Discussed on DSPRelated
Frequently asked
How is SNR calculated in decibels?
SNR (dB) = 10 * log10(P_signal / P_noise), where P_signal and P_noise are power quantities. If working with amplitudes or RMS voltages rather than powers, the formula becomes SNR (dB) = 20 * log10(V_signal / V_noise), which holds under the standard assumption of equal impedances. Make sure both quantities are measured over the same
bandwidth to get a meaningful result.
What is the relationship between SNR and ADC resolution?
For an ideal N-bit
ADC with a full-scale sinusoidal input, the theoretical maximum SNR is approximately 6.02N + 1.76 dB. Each additional bit of resolution improves the ideal SNR by about 6 dB. Real devices achieve less than this due to thermal noise, clock jitter, and distortion; the ENOB metric back-calculates the effective resolution from the measured SNR.
How does SNR differ from Eb/N0?
SNR is a general ratio of signal power to noise power, typically measured in a given
bandwidth.
Eb/N0 (energy per bit to noise spectral density) normalizes for data rate and bandwidth, making it more useful for comparing modulation schemes and link budgets in communications systems independent of occupied bandwidth. The blog post 'Understanding and Relating Eb/N0, SNR, and other Power Efficiency Metrics' covers the conversion between the two in detail.
How is SNR affected by oversampling?
Oversampling spreads quantization noise across a wider frequency band.

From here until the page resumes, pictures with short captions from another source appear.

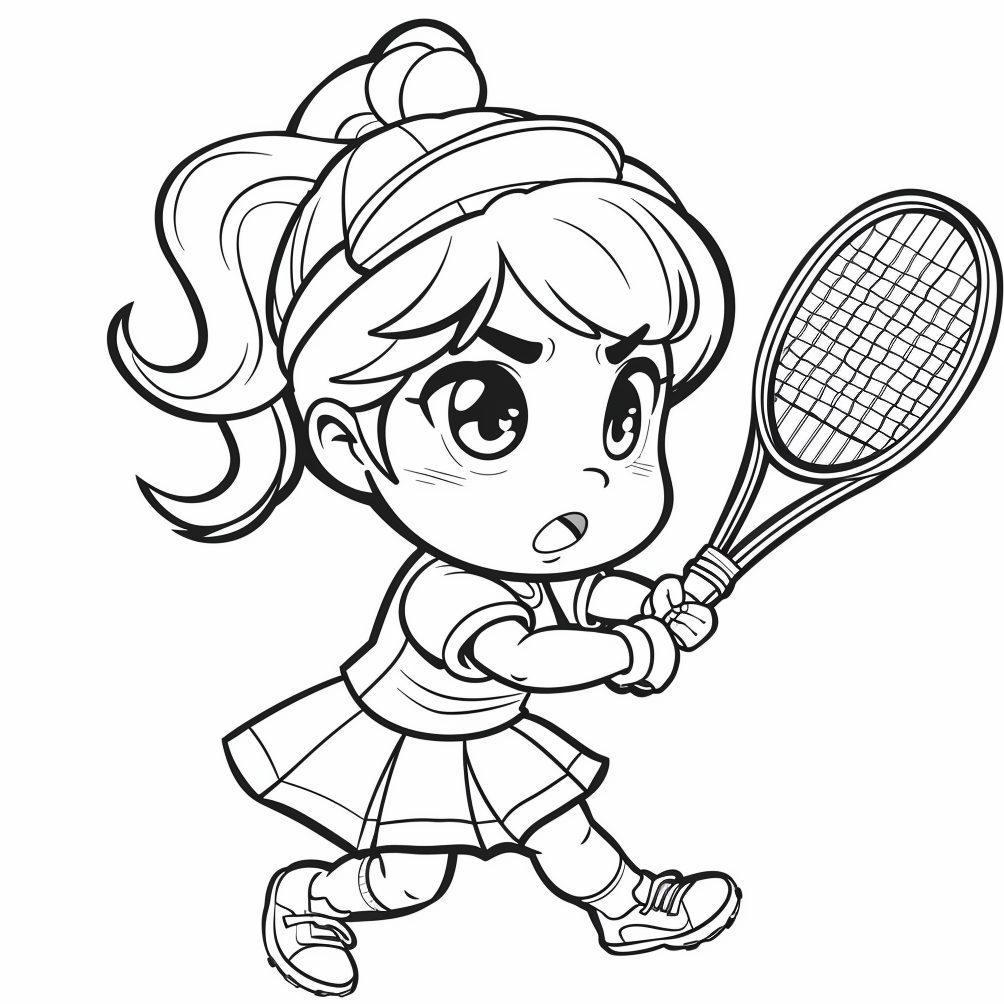 Dibujos kawaii de tenis para colorear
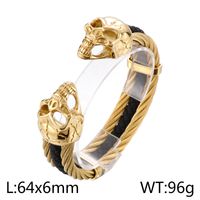 Punk Cráneo Acero Inoxidable Enchapado Chapados en oro de 18k Hombres Brazalete sku image 4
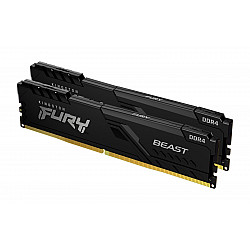 Operatyvinė atmintis Kingston Fury Beast 32GB (2x16GB) DDR4 3600MHz CL18, Juoda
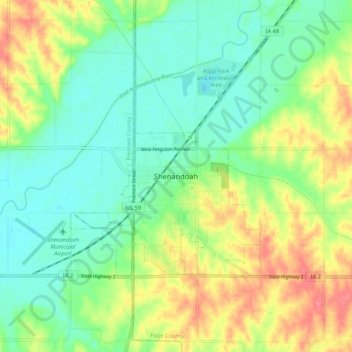 Topografische Karte Shenandoah, Höhe, Relief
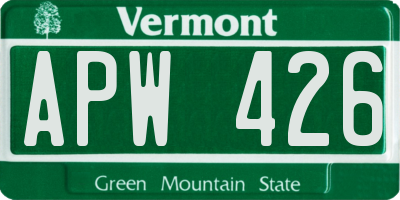 VT license plate APW426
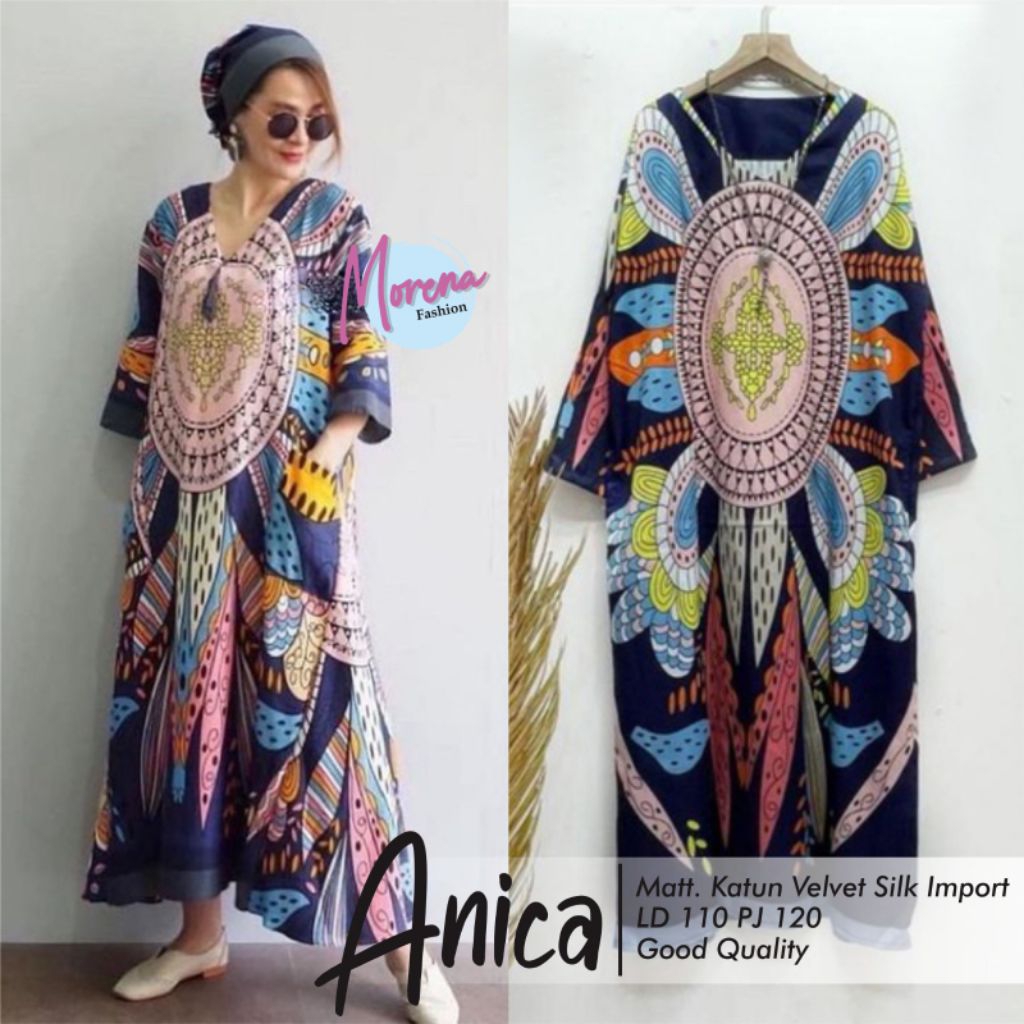 ANICA ETNIC TUNIC KATUN SILK IMPORT/LONG TUNIK MIDI DRESS ELEGAN/TUNIK OVERSIZE TERBARU KOREAN STYLE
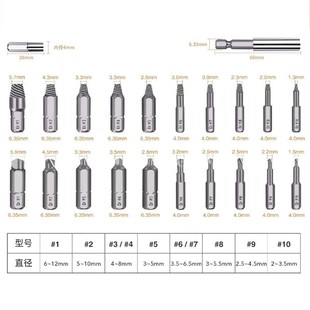 钻头批头 S2滑牙螺丝拆除工具装 22pc塑盒装 螺丝取出器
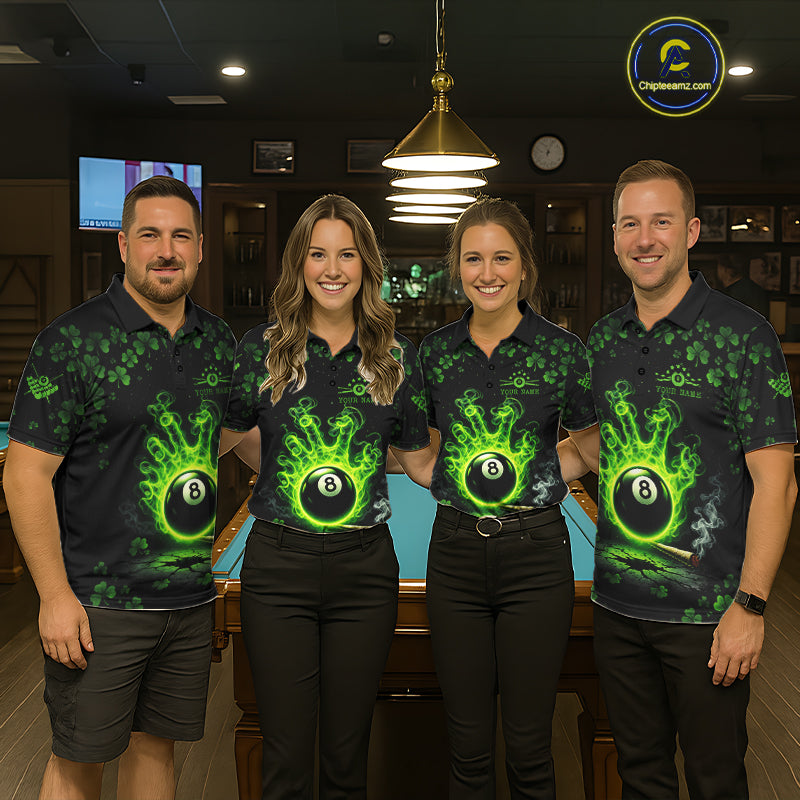 St Patrick's Day Green Smokes Hand Ball 8 Billiards Pool Shirt For Men Personalized Billiard Team Names NYN2694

If the signal
bandwidth is kept constant and the
sample rate is doubled, digital low-pass filtering removes noise above the signal band, improving SNR by approximately 3 dB per doubling of oversampling ratio — assuming white quantization noise and a fixed signal bandwidth. This is a useful rule of thumb rather than a universal guarantee. This principle underlies noise shaping in
delta-sigma converters, which can achieve very high effective SNR from low-resolution comparators by sampling at rates far above the
Nyquist frequency of the signal.
Why does SNR matter when choosing an op-amp to drive an ADC?
The op-amp in a signal-conditioning stage adds its own voltage and current noise, which appears directly at the
ADC input. If the op-amp's integrated noise over the signal
bandwidth is comparable to or larger than the ADC's internal noise floor, the converter's effective SNR degrades regardless of its resolution. The op-amp noise must be budgeted as part of the overall signal chain, with a target typically set well below the ADC's own noise contribution. The blog post 'Specifying the Maximum Amplifier Noise When Driving an ADC' provides a worked methodology for this calculation.
Differentiators vs similar concepts
SNR is often confused with SINAD (Signal-to-Noise-and-Distortion Ratio) and with dynamic range. SNR counts only noise power in the denominator; SINAD adds harmonic distortion products, so SINAD is generally equal to or worse than SNR for the same signal under consistent measurement conditions. Dynamic range describes the ratio between the largest and smallest signals a system can handle — though the precise definition varies by context, ranging from largest-to-smallest detectable signal to the usable output range before hitting the noise floor or clipping. SNR is also distinct from
Eb/N0 and carrier-to-noise ratio (CNR/C/N): those are
bandwidth-normalized metrics used in communications link budgets, whereas SNR is a general measurement applicable to any analog or digital signal chain.